Intervention de Yves Pozzo di Borgo

Réunion du 7 novembre 2016 à 15h00
Statut de paris et aménagement métropolitain — Discussion en procédure accélérée d'un projet de loi dans le texte de la commission

Photo de Yves Pozzo di BorgoYves Pozzo di Borgo :

Ces rappels s’imposent de temps en temps, car les grands choix et les grandes lois sont souvent l’émanation de petits intérêts particuliers.

Nous ne pouvons évidemment pas nous satisfaire de ce projet de loi, qui est en parfait décalage avec l’une des demandes les plus fortes de nos concitoyens – plus de proximité ! – et l’esprit de la loi PLM de Gaston Defferre. Il faut aller beaucoup plus loin est confier de réels pouvoirs et de véritables missions à ceux qui sont au plus près des problématiques des Parisiens, à savoir les mairies d’arrondissements.

Il faut rappeler la réalité des missions des vingt mairies d’arrondissement aujourd’hui. Le VIIe arrondissement équivaut à la ville de Colmar ou à celle de Cannes. Le XVe arrondissement est beaucoup plus grand que la ville de Bordeaux… Or les chiffres sont très explicites : alors que le budget de la Ville de Paris s’élève à près de 8, 5 milliards d’euros, celui de l’ensemble des vingt mairies d’arrondissement de Paris n’atteint que 148 millions d’euros, et encore pour des crédits fléchés ! C’est bien une insulte faite aux conseillers d’arrondissement.

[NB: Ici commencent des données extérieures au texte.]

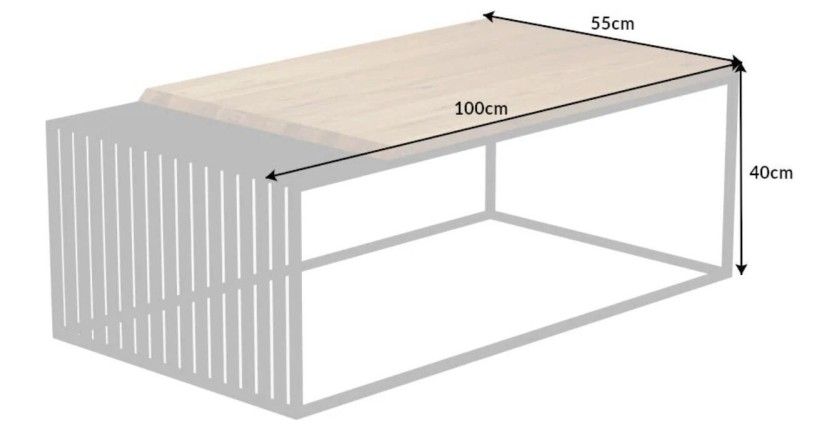 Dimensions de la table basse rectangulaire en bois et en métal 100cm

Les habitants se sentent frustrés et ils vont voir leurs maires d’arrondissement pour leur demander de résoudre leurs problèmes, lesquels n’ont ni compétence ni moyens financiers : ils n’ont que leur bonne parole. Ils passent leur temps à répondre que c’est la mairie centrale qui décide. D’un point de vue démocratique, est-il normal pour une capitale de continuer à fonctionner ainsi ?

Le projet de loi promet aussi un « renforcement des prérogatives du maire de Paris », notamment en matière de pouvoir de police. J’ai d’abord cru que le Gouvernement avait enfin entendu le message de nombreux élus parisiens, comme celui du Sénat, qui avait adopté au mois de mai 2015 un texte transférant enfin le pouvoir de police générale au maire, comme cela se passe dans les 35 818 autres communes de France, même lorsqu’elles comptent 300 habitants.

Or il n’en est rien ! Le projet de loi ne prévoit que quelques modifications en matière de pouvoirs de police spéciaux. La confiscation des pouvoirs de police du maire de Paris par le préfet, héritée de Napoléon Bonaparte, n’est-elle pas pourtant devenue obsolète ? Si les réformes de 1975, de 1982 et de 2002 ont permis un élargissement progressif des pouvoirs de police du maire de Paris, ce dernier n’a toujours pas les moyens opérationnels d’exécuter ses propres décisions.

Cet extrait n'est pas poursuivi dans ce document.